Re-run the PROC UNIVARIATE from part 3 only for people whose income falls
between $1,000 and $100,000. (To limit a procedure to only certain observations of
the data set, you use the WHERE command. So, all you need to do is include the
following statement in your procedure: WHERE 1000 < salary <100000; or you
can write it as: WHERE salary > 1000 and salary < 100000; .) Now is your data
normal?
Find the mean salary, age and months unemployed by location using the BY method.
(First sort the data by location, then include BY location; in your MEANS
procedure.)
Find the mean salary, age and months unemployed by location using the CLASS
method (Include CLASS location; in your MEANS procedure).

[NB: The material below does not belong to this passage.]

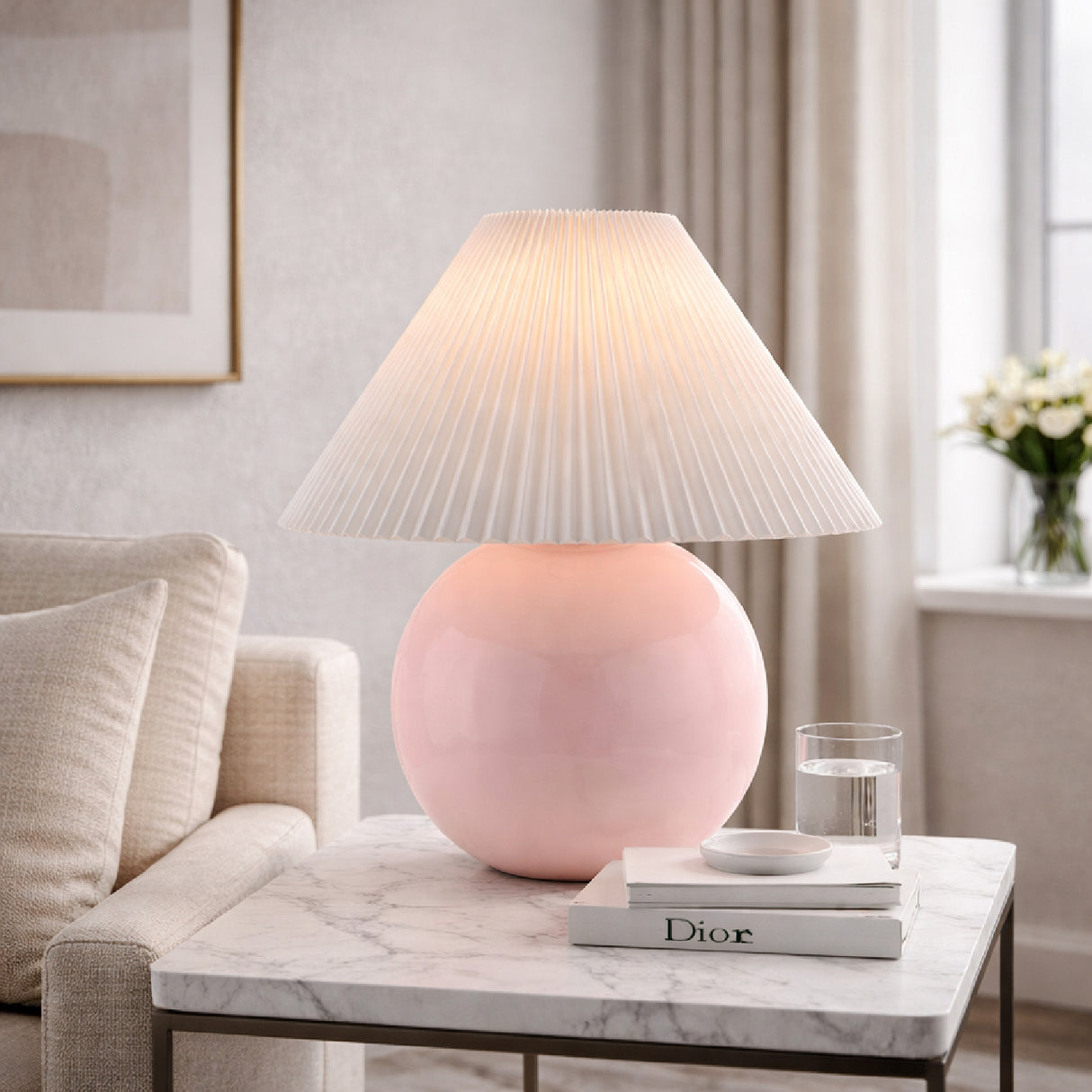 Modern European furniture - Pleated White Fabric Table Lamp - www.oroa.com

Now we want to create a new output (temporary) data set containing the mean salary,
age, and months unemployed by location. (To do this, repeat problem 6, but use
PROC SUMMARY instead of MEANS and include an output statement:
OUTPUT OUT=data_set_name mean=m_sal;) Now, look at your new data set using
PROC PRINT. ( PROC PRINT data=data_set_name;)
Create a cross tabulation (two-way table) of the GEND and ED variables. (Use
PROC FREQ and the TABLES GEND*ED; subcommand).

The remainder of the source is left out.